Era 1 de agosto del año 2018. Sandra Calamano, que en ese entonces era vicedirectora de la Escuela N°49 Nicolás Avellaneda de la ciudad de Moreno, había llamado al Consejo Escolar para que puedan asistir al edificio. Habían detectado mucho olor a gas y, probablemente, podría ser una fuga. Calamano ya había notificado siete veces con anterioridad sin respuesta alguna. Las autoridades llegaron, revisaron y se fueron, sin resolver el problema y sin cortar el suministro. Al otro día, como todas las mañanas, Sandra junto a Rubén Rodríguez, auxiliar de la Escuela, ingresaron a la cocina para preparar el desayuno. Prendieron la luz, y todo voló por los aires. Más de quince pibes, entre 6 y 12 años, esperaban afuera y fueron testigos.

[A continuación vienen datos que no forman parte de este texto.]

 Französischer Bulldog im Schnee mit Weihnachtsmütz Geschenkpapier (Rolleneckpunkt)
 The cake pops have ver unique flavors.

La muerte de Sandra y Rubén representa una de los hechos más atroces de los últimos años, y marcó la política que llevó adelante la ex gobernadora Vidal, junto a su ministro de Educación, Gabriel Sánchez Zinny. Las escuelas bonaerenses atravesaban una de las peores crisis edilicias de su historia: 847 establecimientos se encontraban clausurados o con clases suspendidas, y de ellos el 70% (600) estaban ubicados en la zona oeste del conurbano bonaerense. Ese mismo año Moreno estuvo casi un mes sin clases. Además, el presupuesto contemplado para el área de infraestructura estuvo subejecutado durante todo 2018.

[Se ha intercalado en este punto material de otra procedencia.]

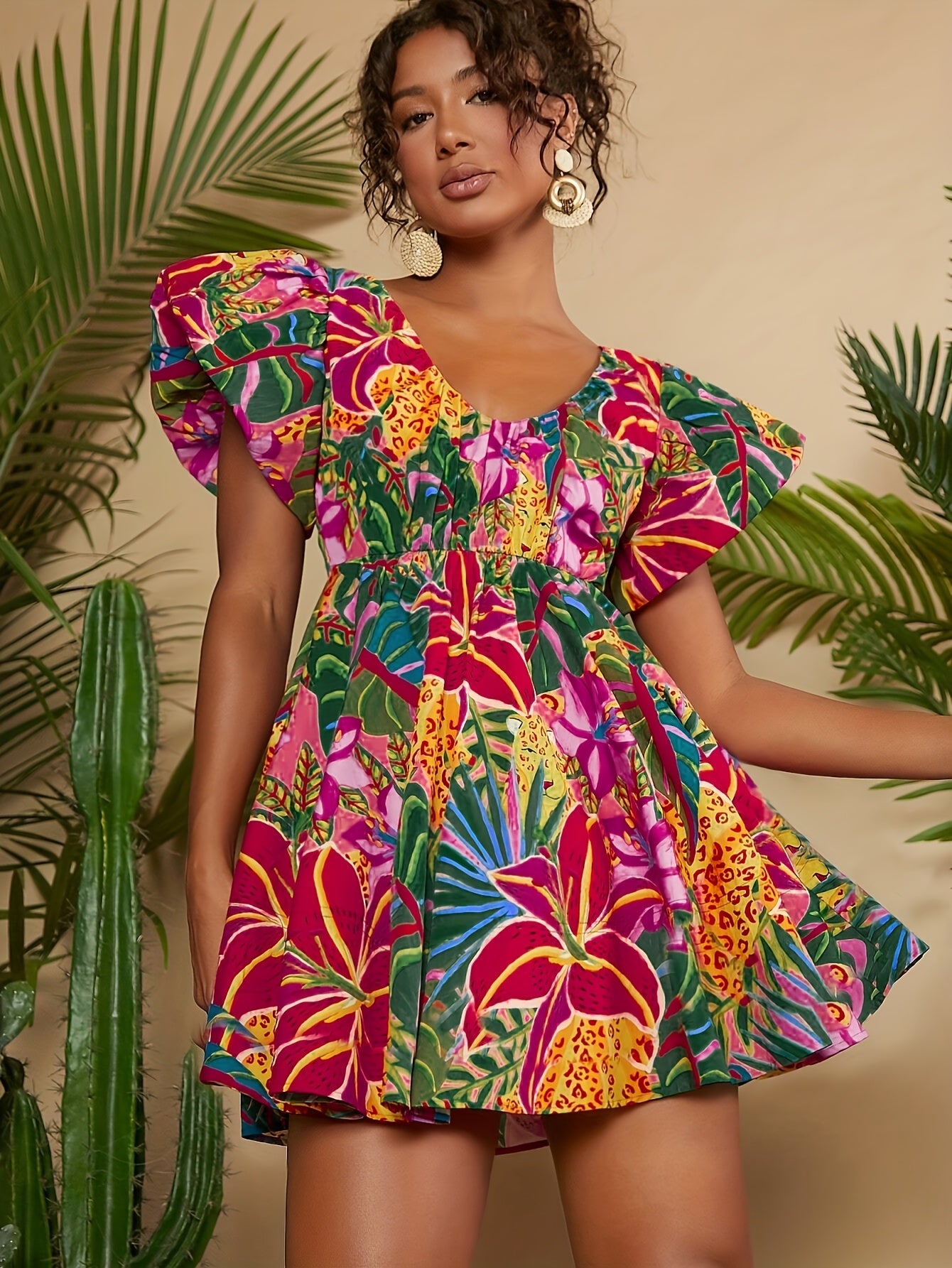 Short-Sleeved Dress with Leaf Print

Sandra tenía 48 años, trabajaba incansablemente en la escuela, donde además se quedaba después de horario para atender a los pibes y pibas que iban a estudiar. Por su parte, Rubén era uno de los auxiliares más reconocidos por los alumnos y alumnas, trabajaba en el lugar desde hacía más de 25 años. Ambos estaban, junto a toda la comunidad educativa, en lucha por el recorte que se venía llevando a cabo desde la Dirección General de Cultura y Educación en las partidas destinadas para orquestas-escuelas. Allí funcionaba todos los sábados una de las orquestas que le brindaba contención a más de una decena de pibes del barrio San Carlos.
Un crimen político, dos responsables: Vidal y Sánchez Zinny
Luego de la tragedia, la comunidad educativa de Moreno comenzó a organizarse para marchar por los responsables, pero desde las autoridades políticas empezaron a tirarse la pelota. La Provincia había decidido intervenir, meses atrás, el Consejo Escolar de la ciudad por una supuesta malversación de fondos durante la gestión del ex intendente Walter Festa. Por ello, los reclamos escalaron directamente a la órbita de la ex gobernadora.
A eso se le sumaron las sospechas de corrupción en la cartera que administraba Sánchez Zinny, por las cuales nunca dio respuestas. La gestión de Vidal estaba en proceso de armado del presupuesto para 2019 para que pueda ser sancionado en la Legislatura bonaerense. La particularidad es que se filtró un audio del director de Infraestructura Escolar, Mateo Nicholson, solicitando "inflar" el precio de las cocinas escolares.
El 10 de octubre de 2023 se logró juzgar a los culpables y efectuar las condenas pertinentes. El Tribunal Oral Criminal N°4 de Mercedes determinó sentenciar por incumplimiento del deber público a todos los funcionarios que llegaron imputados: el interventor del Consejo Escolar, Sebastián Nasif, y los consejeros Mónica Berzoni y Jorge Gallian, condenados a 2 años de prisión en suspenso y 4 años de inhabilitación. Por otro lado, el gasista Cristian Ricobene fue penado por homicidio culposo agravado como autor material responsable de la explosión, por lo que se encuentra cumpliendo 5 años de prisión efectiva e inhabilitación por 10 años.